The Tactical Decision Making Research Group is a group of international researchers located in the Department of Psychological Sciences of the University of Liverpool, UK. The group is headed by Professor Jon Cole and contains both pre- and post-doctoral researchers from multiple countries. Our researchers primarily have a practitioner background and therefore have real world experience of their research areas.

We conduct research in five main areas: (i) the psychology of armed confrontations, (ii) preventing violent extremism and radicalisation, (iii) terrorist decision making, (iv) crisis negotiation, and (v) Social Media Intelligence (SOCMINT).

We study the psychology of armed confrontations through the simulated armed confrontation rather than the analysis of real incidents. The main platforms are the use of simulators and live role plays (using training weapons and associated technologies). We have also gathered data from live fire training scenarios. Through experimentation we have identified the main problems with gathering data in these scenarios and developed solutions. In addition we have conducted cognitive task analyses of police officers who have been involved in incidents involving armed confrontations.

We study the screening of individuals vulnerable to recruitment into violent extremism through the use of a structured professional judgment tool, the IVP guidance. The IVP guidance was developed for the Office of Security and Counter Terrorism in 2008/9. Since then we have been testing it with multiple international stakeholders. This research has screened thousands of individuals affiliated to violent extremist organisations and played a role in the removal of over 50 terrorist social media pages and websites. In addition we are developing programme evaluation frameworks for preventing and counter violent extremism interventions.

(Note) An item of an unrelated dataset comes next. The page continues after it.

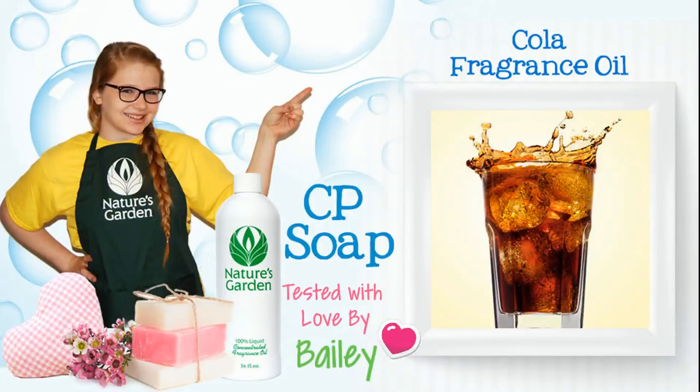Hi, I'm Bailey from Nature's Garden. Today, I'll be testing fragrance oil and CP soap.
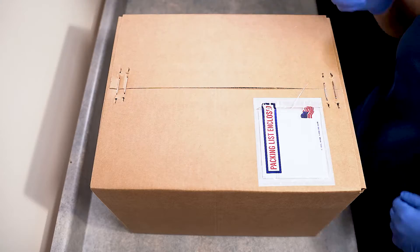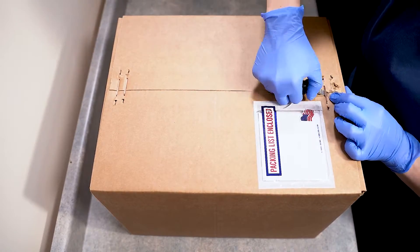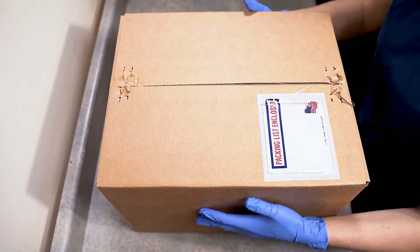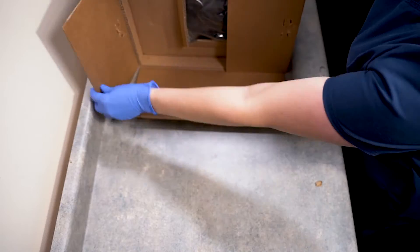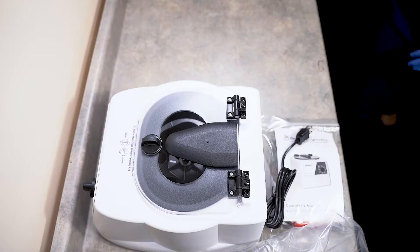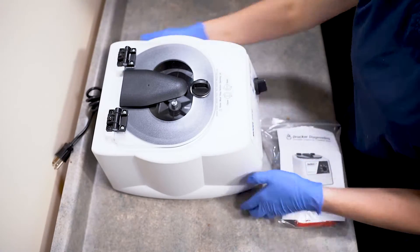Your 642B will arrive packaged from Drucker's factory. To unbox it, you will need a flathead screwdriver like the one shown here. Use the flathead screwdriver to release the staples that are holding your box closed. Once the box is open, you will be able to lift your centrifuge out. You will have your centrifuge, the attached cord, and an accessories bag all together in the box.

We study terrorist decision making through the analysis of Open Source Intelligence (OSINT). In particular we focus on the use of CBRN weapons.

We study the psychology of crisis negotiation through analysing training scenarios rather than live incidents. In addition we have conducted cognitive task analyses of crisis negotiators who have been involved in crisis negotiations.

We study how to collect and analyse SOCMINT from numerous social media platforms. These techniques are being applied to researching armed actors in conflict zones, however this work is confidential.